I've been studying Japanese for 3 and a half years so unless you're about to tell me you've been studying longer/are a Japanese native/fluent in Japanese and proceeding to tell me to shut up, then I suggest not taking the translations as the end all be all.

Oh, and add everything else that AzureDaora said as well.

edit:
The Kanji for tamashii isn't showing up well here... sorry about that.


----------



## Clutch (Apr 20, 2016)

How do synonyms have *different* definitions? I just posted the definitions, they are literally the same definitions for two different words. It's like saying the man didn't jump off the cliff because he leaped off the cliff.

I'm saying Big Ki = Big Soul. The soul fucker's hax is too weak because the soul is too powerful. The soul produces universe destroying power. You don't agree for...reasons, okay.

You are never going to convince me that spirit and soul are two different things. Never. Not as long as dictionaries exist. 

And the Kanji for Soul is literally also a Kanji for spirit...


----------



## AzureDaora (Apr 20, 2016)

ColumbianDrugLord said:


> Omg, how do synonyms have *different* definitions? I just posted the definitions, they are literally the same definitions for two different words. It's like saying the man didn't jump off the cliff because he leaped off the cliff.
> 
> I'm saying Big Ki = Big Soul. The soul fucker's hax is too weak because the soul is too powerful. The soul produces universe destroying power. You don't agree for some reason, okay.
> 
> You are never going to convince me that spirit and soul are two different things. Never. Not as long as dictionaries exist.


Go and search what "synonym" means. Just, go. A synonym can have different definitions.
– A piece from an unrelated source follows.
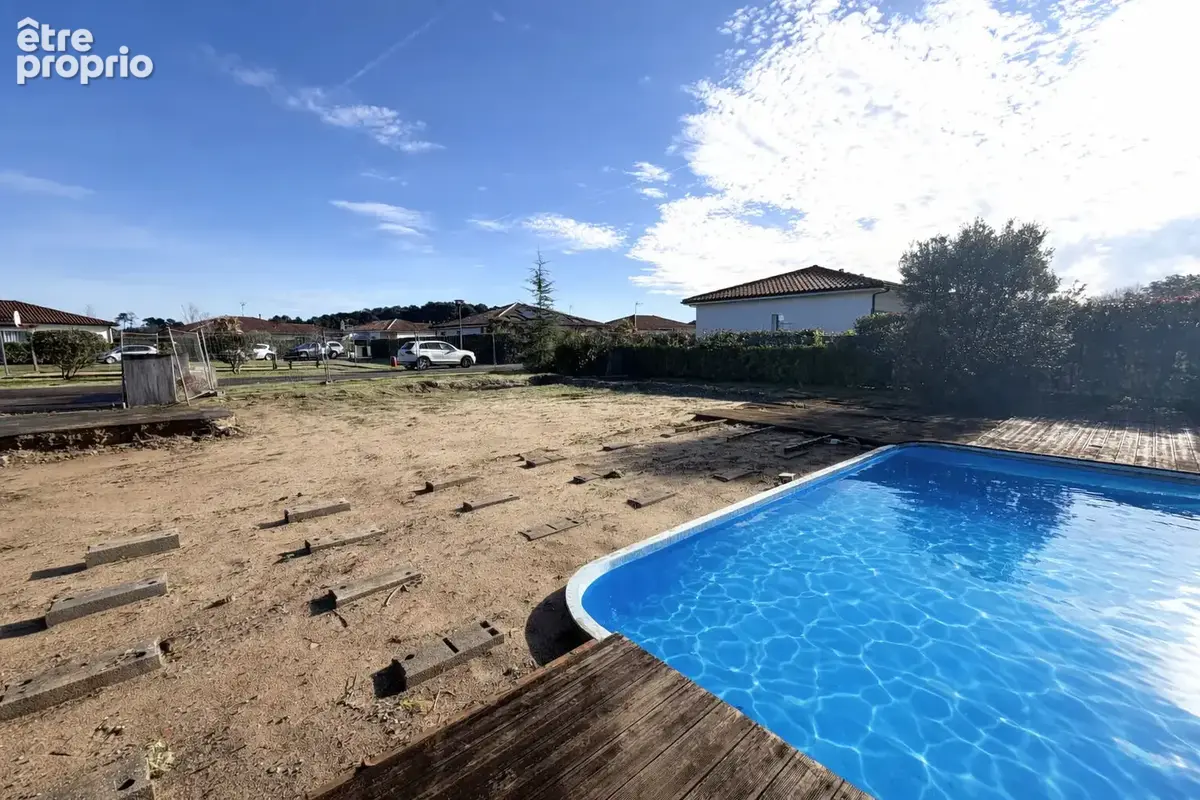 Beau terrain plat viabilisé à Tosse de 588 m², prêt à construire - photo 2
Even then, implying spirit and soul mean the same, so? 
Even if soul and spirit mean the same thing, does that mean Ki would equate to resistance to soul-fucking?
It doesn't.
Understand what the fallacy equivocation means and maybe you can spare yourself from shame, or that may already be too late.
Again, as stated by the example OBD wiki has, even if Toriyama said "Spirit energy", that doesn't mean that it resists soul fucking. AT ALL. Where do you get these conclusions?
How is that hard to understand?

Let me be as direct: When in the anime has Ki been showing anything even remotely SIMILAR to resisting soul-fucking?


----------



## Roggiano (Apr 20, 2016)

ColumbianDrugLord said:


> Omg, how do synonyms have *different* definitions? I just posted the definitions, they are literally the same definitions for two different words. It's like saying the man didn't jump off the cliff because he leaped off the cliff.
> 
> I'm saying Big Ki = Big Soul. The soul fucker's hax is too weak because the soul is too powerful. The soul produces universe destroying power. You don't agree for some reason, okay.
> 
> ...


Alright.  Let me tell you this.

Akira Toriyama uses ki to represent "spiritual energy".  Ki can mean ll these different things:
1: spirit; mind; "heart";
2: nature; disposition;
3: motivation; intention;
4: mood; feelings;
5: atmosphere; essence

Tamashii, which is the word for soul, can mean, yes, "spirit".
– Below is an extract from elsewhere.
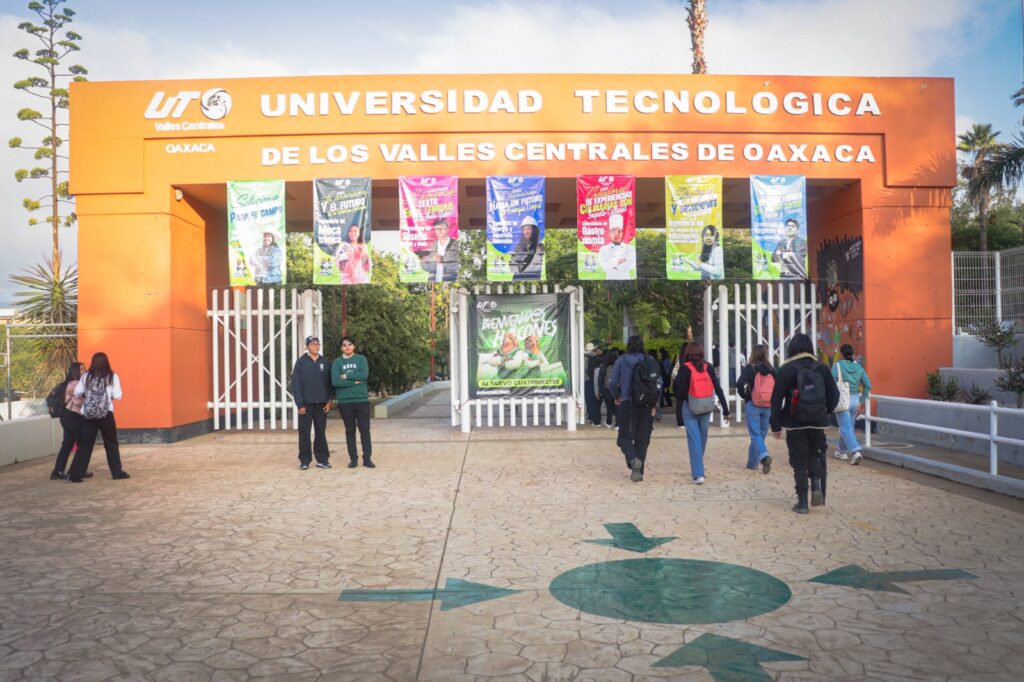 UTVCO inicia ciclo escolar 2026-2027 con más de 1,600 alumnos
Which then brings me to a point that I don't know if you know:
Words can have multiple meanings.  In English, in Japanese.  Why is this important?  Because the "spirit" that Akira Toriyama uses in DB is not the same "spirit" that you can equate to "soul".

Languages are not simple.  What you're doing is immediately hearing the word spirit and equating that to soul.  Which can so incredibly be false when you may have the definition of spirit as "the principle of conscious life" versus the definition that you seem to default to "the incorporeal part of humans".  See how they have different definitions?

That also means that even if two words are synonyms (strong and muscular), it doe not mean all of their definitions are the same as well.

So please, understand that Akira Toriyama is not using the kanji for "soul"... and the kanji that he is using for "spirit" is more along the lines of "the state in which a person is in".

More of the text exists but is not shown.